▶ _Directions for this task_
A full, exact copy of the listing is needed, with images omitted.

▶ _Input data_
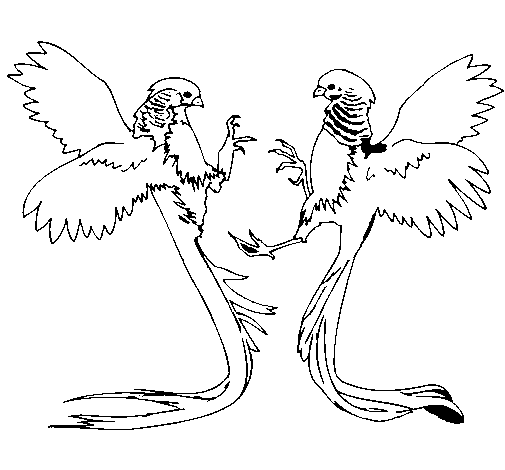 Long-tailed birds coloring page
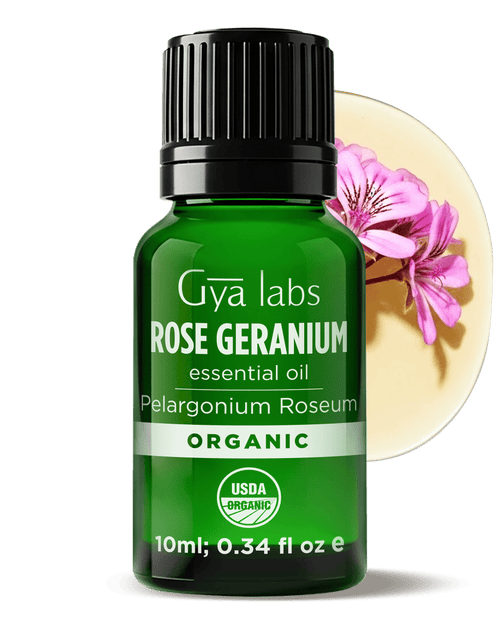Rose Geranium Essential Oil
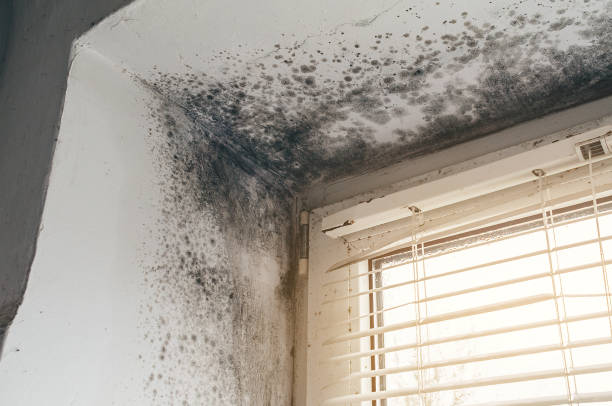 Trusted Black Mold Removal service in Mill Creek, PA - Cheap Mold Removal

▶ _Result below_
 Long-tailed birds coloring page
Rose Geranium Essential Oil
 Trusted Black Mold Removal service in Mill Creek, PA - Cheap Mold Removal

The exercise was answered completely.